Employer pay obligations during a work closure

January 14, 2023

During any time of the year, weather or other factors might prompt an organization to close for some period of time, during which the employer might instruct employees not to work at all or to work remotely.

The rules around private sector employers paying employees during a work closure depend on whether the employee is nonexempt (paid by the hour or salaried) and entitled to overtime or exempt and not eligible for overtime.

Classifying your employees correctly is a challenge, and many employers are not in legal compliance. Here, we address only employees who are properly classified as exempt from overtime, and employer obligations to pay exempt employees when they are instructed not to work due to an office closure or other factors, but they are available and ready to work.

The Fair Labor Standards Act dictates how an exempt employee must be compensated to qualify as exempt from overtime. Otherwise, the employee becomes a nonexempt employee and is entitled to all the rights and benefits, including overtime, that come from that classification.

When an office is closed and the exempt employee is instructed to not come to work or to not work at all, reducing pay from exempt employees has substantial risk for employers.

Most exempt employees fall under the white-collar exemptions, which require that the employees be compensated on a “salary basis.” This means that the employees make a predetermined salary of at least $684 per week and the salary is not reduced regardless of the quality or quantity of the work.

“An employer must pay an exempt employee the full predetermined salary amount ‘free and clear’ for any week in which the employee performs any work without regard to the number of days or hours worked,” according to the U.S. Department of Labor.

The department adds, “As a general rule, if the exempt employee performs any work during the workweek, he or she must be paid the full salary amount. An employer may not make deductions from an exempt employee’s pay for absences caused by the employer or by the operating requirements of the business.

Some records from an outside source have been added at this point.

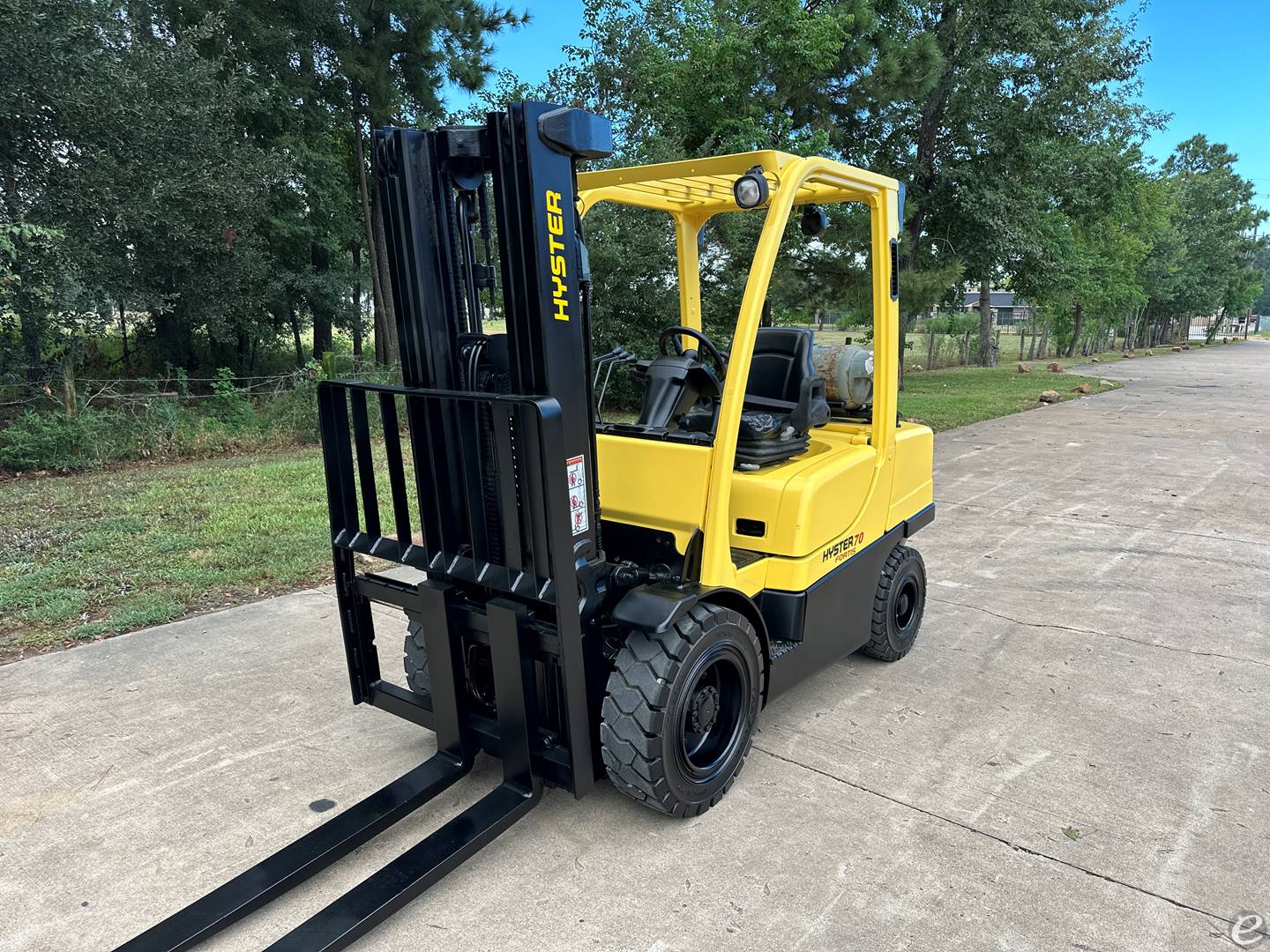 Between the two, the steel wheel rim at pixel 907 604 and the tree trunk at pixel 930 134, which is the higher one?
the tree trunk at pixel 930 134

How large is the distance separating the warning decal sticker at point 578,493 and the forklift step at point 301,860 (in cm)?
106

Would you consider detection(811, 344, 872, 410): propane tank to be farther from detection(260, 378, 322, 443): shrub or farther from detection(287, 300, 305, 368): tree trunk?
detection(287, 300, 305, 368): tree trunk

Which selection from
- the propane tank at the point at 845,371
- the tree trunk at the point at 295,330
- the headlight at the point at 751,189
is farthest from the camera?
the tree trunk at the point at 295,330

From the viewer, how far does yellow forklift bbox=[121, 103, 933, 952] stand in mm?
2467

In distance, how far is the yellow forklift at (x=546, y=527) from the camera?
247cm

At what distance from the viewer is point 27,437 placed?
9070 mm

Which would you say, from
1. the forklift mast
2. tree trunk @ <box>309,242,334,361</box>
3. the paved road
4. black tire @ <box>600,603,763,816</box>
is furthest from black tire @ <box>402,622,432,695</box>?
tree trunk @ <box>309,242,334,361</box>

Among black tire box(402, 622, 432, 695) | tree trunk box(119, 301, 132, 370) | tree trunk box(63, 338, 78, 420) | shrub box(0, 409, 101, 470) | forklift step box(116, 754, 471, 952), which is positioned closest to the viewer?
forklift step box(116, 754, 471, 952)

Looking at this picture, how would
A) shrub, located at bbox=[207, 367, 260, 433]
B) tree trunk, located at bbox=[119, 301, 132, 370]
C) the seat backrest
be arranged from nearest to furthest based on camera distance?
the seat backrest < shrub, located at bbox=[207, 367, 260, 433] < tree trunk, located at bbox=[119, 301, 132, 370]

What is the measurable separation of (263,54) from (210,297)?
5.96 meters

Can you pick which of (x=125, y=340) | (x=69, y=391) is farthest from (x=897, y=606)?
(x=125, y=340)

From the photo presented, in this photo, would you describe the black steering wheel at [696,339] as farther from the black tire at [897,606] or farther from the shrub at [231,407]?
the shrub at [231,407]

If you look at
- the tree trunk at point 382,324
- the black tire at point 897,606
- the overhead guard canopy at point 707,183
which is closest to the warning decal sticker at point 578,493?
the overhead guard canopy at point 707,183

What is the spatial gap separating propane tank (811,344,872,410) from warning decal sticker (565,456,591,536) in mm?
1783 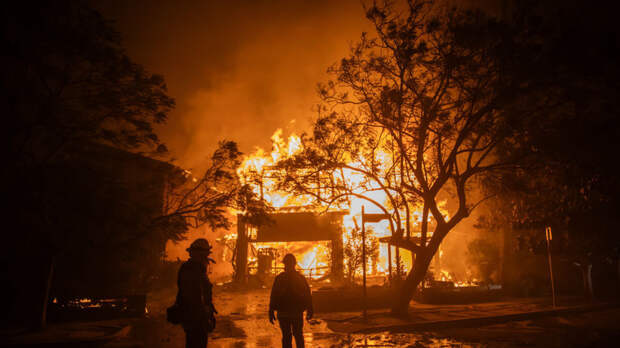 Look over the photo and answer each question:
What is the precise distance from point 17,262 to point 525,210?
2104 cm

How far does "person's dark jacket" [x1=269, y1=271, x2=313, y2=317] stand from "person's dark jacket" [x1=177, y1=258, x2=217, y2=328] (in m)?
1.45

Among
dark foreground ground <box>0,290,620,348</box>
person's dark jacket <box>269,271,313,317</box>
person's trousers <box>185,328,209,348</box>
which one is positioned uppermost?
person's dark jacket <box>269,271,313,317</box>

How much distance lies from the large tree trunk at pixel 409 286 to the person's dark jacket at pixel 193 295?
8.59 m

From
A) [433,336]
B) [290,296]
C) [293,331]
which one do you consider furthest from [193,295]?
[433,336]

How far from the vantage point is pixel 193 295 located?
4969 mm

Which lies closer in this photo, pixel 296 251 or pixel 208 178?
pixel 208 178

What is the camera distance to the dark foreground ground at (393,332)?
8391 millimetres

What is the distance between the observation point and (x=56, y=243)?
1000 centimetres

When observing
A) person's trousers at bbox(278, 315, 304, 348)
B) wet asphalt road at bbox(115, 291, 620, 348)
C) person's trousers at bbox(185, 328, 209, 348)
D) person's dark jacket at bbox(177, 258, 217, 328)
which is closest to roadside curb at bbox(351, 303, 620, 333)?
wet asphalt road at bbox(115, 291, 620, 348)

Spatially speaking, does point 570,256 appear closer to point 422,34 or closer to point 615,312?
point 615,312

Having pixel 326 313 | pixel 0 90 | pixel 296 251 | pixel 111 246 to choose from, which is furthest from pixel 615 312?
pixel 296 251

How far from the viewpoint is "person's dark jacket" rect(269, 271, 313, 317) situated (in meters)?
6.27

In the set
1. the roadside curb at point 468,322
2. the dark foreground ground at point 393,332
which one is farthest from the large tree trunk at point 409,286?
the roadside curb at point 468,322

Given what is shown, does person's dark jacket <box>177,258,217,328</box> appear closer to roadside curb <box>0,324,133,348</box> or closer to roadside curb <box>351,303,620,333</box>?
roadside curb <box>0,324,133,348</box> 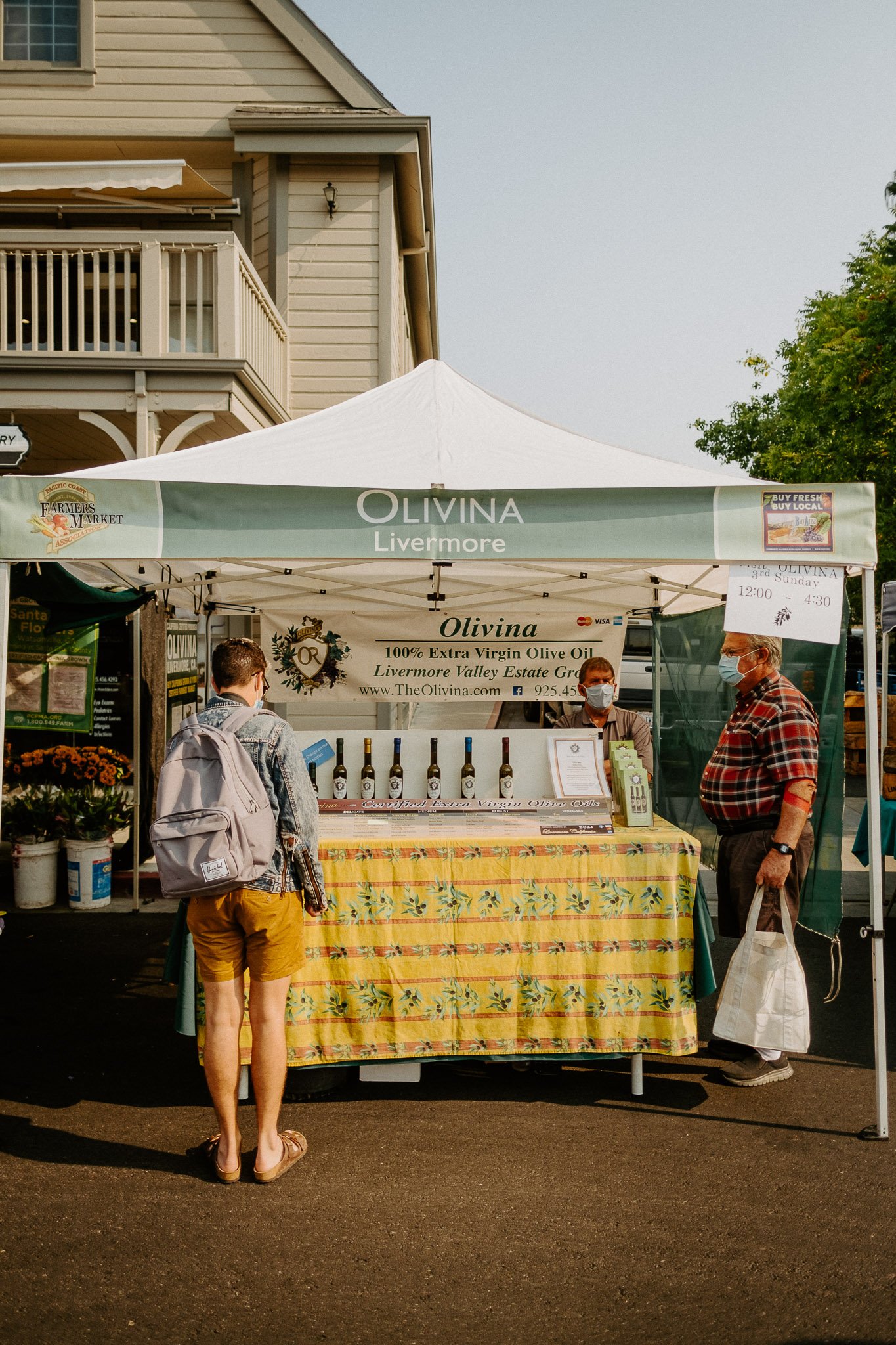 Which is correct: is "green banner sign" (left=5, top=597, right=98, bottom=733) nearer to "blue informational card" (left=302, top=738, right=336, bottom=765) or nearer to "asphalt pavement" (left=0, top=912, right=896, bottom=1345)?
"asphalt pavement" (left=0, top=912, right=896, bottom=1345)

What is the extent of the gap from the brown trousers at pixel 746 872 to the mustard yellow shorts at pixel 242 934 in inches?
80.6

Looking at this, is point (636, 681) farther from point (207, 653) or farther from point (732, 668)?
point (732, 668)

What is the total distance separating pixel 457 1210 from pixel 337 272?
10271mm

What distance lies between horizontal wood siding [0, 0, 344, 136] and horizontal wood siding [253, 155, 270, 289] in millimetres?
567

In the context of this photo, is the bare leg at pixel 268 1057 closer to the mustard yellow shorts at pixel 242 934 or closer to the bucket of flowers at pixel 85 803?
the mustard yellow shorts at pixel 242 934

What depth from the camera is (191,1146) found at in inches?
154

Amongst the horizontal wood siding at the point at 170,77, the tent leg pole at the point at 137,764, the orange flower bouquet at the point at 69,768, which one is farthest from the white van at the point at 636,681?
the tent leg pole at the point at 137,764

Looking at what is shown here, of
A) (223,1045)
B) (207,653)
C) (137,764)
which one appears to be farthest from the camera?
(137,764)

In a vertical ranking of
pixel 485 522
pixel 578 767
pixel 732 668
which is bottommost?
pixel 578 767

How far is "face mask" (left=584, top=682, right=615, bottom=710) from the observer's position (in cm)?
581

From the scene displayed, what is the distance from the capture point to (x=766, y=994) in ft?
13.9

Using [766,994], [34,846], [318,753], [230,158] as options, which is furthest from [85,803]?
[230,158]

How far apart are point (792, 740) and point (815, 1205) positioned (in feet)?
5.89

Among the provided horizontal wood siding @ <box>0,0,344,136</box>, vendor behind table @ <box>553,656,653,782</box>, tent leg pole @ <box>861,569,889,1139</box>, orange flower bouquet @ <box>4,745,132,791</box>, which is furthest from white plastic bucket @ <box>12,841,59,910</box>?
horizontal wood siding @ <box>0,0,344,136</box> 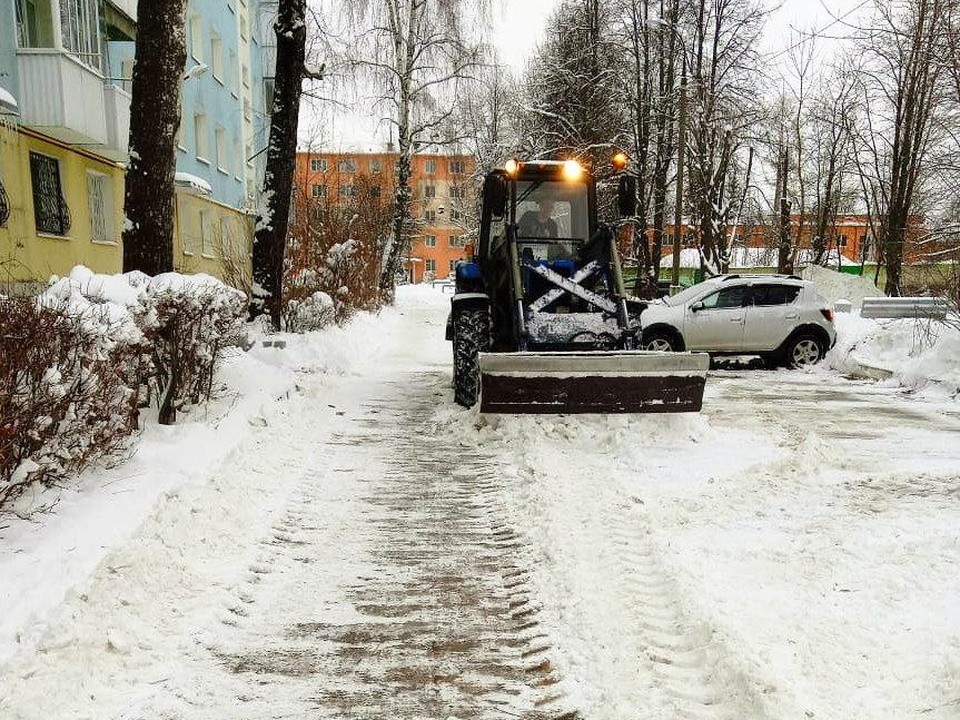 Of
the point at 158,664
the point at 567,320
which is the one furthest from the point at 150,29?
the point at 158,664

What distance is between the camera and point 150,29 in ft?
21.0

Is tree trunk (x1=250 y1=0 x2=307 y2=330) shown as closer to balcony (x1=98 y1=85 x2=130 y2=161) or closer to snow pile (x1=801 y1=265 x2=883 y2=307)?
balcony (x1=98 y1=85 x2=130 y2=161)

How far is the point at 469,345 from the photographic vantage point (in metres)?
7.58

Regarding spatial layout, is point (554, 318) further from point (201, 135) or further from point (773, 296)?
point (201, 135)

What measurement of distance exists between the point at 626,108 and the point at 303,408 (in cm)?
1823

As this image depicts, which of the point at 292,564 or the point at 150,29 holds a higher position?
the point at 150,29

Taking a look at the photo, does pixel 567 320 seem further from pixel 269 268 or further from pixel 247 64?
pixel 247 64

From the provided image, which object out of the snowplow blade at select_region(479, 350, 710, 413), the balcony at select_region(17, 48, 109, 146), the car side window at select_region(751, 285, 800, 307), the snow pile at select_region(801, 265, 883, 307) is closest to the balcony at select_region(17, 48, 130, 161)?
the balcony at select_region(17, 48, 109, 146)

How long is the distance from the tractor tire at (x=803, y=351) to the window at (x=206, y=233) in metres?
16.2

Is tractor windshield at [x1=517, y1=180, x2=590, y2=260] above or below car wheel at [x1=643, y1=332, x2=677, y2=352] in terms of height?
above

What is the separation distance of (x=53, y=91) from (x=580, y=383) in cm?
1055

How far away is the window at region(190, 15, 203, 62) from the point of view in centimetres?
2127

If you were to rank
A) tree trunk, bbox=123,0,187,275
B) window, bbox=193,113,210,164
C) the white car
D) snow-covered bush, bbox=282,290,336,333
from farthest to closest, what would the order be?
window, bbox=193,113,210,164, snow-covered bush, bbox=282,290,336,333, the white car, tree trunk, bbox=123,0,187,275

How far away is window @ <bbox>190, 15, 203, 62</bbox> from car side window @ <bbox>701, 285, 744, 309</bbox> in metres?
17.2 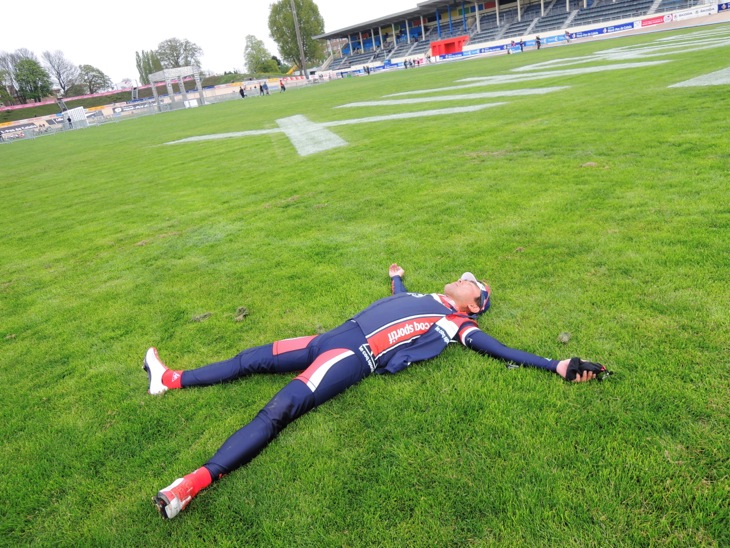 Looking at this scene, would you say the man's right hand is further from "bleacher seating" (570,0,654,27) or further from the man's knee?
"bleacher seating" (570,0,654,27)

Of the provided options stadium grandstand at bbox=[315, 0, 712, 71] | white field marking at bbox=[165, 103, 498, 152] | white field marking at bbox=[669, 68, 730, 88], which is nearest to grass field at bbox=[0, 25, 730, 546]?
white field marking at bbox=[669, 68, 730, 88]

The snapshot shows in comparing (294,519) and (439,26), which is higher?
(439,26)

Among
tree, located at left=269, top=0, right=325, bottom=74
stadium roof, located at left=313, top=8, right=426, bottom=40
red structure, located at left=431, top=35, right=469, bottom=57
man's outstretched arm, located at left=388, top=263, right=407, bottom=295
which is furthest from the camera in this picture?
tree, located at left=269, top=0, right=325, bottom=74

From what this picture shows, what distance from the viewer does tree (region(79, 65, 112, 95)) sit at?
10712 centimetres

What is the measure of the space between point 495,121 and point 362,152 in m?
3.40

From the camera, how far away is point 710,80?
1156 cm

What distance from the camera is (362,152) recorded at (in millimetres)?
10617

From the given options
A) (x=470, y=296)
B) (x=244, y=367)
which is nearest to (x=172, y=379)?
(x=244, y=367)

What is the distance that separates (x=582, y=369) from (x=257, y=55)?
113807mm

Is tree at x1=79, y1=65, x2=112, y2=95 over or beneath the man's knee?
over

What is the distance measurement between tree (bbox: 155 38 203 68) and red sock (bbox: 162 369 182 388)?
408ft

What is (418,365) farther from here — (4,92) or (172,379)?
(4,92)

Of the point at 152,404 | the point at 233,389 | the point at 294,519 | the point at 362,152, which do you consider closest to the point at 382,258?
the point at 233,389

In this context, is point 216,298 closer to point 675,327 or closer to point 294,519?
point 294,519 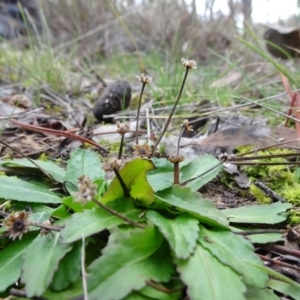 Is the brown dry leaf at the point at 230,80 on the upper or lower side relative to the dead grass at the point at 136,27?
lower

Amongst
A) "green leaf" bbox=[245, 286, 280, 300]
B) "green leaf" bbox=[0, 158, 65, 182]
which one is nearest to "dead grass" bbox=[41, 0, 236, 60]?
"green leaf" bbox=[0, 158, 65, 182]

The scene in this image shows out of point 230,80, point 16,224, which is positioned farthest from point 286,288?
point 230,80

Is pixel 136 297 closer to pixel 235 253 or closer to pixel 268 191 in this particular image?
pixel 235 253

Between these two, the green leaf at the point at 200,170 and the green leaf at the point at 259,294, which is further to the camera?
the green leaf at the point at 200,170

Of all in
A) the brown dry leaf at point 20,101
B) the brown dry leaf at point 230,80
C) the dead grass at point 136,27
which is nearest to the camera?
the brown dry leaf at point 20,101

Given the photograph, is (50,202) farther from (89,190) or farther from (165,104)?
(165,104)

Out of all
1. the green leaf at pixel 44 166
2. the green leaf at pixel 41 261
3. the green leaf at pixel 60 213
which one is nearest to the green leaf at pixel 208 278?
the green leaf at pixel 41 261

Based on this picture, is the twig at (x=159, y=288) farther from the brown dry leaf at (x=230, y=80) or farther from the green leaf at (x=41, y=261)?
the brown dry leaf at (x=230, y=80) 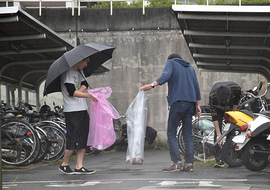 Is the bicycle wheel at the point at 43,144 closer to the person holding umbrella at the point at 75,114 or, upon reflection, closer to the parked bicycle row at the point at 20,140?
the parked bicycle row at the point at 20,140

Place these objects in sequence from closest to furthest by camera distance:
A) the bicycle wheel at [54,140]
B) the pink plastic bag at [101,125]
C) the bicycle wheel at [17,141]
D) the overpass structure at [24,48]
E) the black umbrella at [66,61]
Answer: the black umbrella at [66,61] → the pink plastic bag at [101,125] → the overpass structure at [24,48] → the bicycle wheel at [17,141] → the bicycle wheel at [54,140]

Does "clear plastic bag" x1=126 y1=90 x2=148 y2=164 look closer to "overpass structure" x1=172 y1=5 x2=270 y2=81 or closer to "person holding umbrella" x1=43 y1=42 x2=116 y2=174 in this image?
"person holding umbrella" x1=43 y1=42 x2=116 y2=174

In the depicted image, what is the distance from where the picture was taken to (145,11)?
14.0m

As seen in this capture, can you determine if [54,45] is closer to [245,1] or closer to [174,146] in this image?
[174,146]

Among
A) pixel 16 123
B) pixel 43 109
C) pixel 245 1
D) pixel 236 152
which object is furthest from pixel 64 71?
pixel 245 1

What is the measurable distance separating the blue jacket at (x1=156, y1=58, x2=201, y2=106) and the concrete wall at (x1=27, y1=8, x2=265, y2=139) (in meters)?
6.69

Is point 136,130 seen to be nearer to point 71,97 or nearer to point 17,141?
point 71,97

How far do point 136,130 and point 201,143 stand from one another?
1852 mm

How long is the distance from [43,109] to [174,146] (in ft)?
16.4

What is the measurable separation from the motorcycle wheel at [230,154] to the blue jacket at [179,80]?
0.85 metres

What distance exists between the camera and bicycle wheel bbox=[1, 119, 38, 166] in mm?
8039

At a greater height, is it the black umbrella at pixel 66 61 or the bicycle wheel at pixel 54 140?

If the exempt employee is ready, willing and able to work, an employer cannot make deductions from the exempt employee’s pay when no work is available.”

The Labor Department’s Fact Sheet #17G explains that deductions from pay for an exempt employee are permissible:

for absences from work for one or more full days for personal reasons other than sickness or disability;

for absences of one or more full days due to sickness or disability if the deduction is made in accordance with a bona fide plan, policy or practice of providing compensation for salary lost due to illness;

to offset amounts employees receive as jury or witness fees, or for military pay;

for penalties imposed in good faith for infractions of safety rules of major significance; or

for unpaid disciplinary suspensions of one or more full days imposed in good faith for workplace conduct rule infractions.

“Also, an employer is not required to pay the full salary in the initial or terminal week of employment, or for weeks in which an exempt employee takes unpaid leave under the Family and Medical Leave Act,” the Fact Sheet says.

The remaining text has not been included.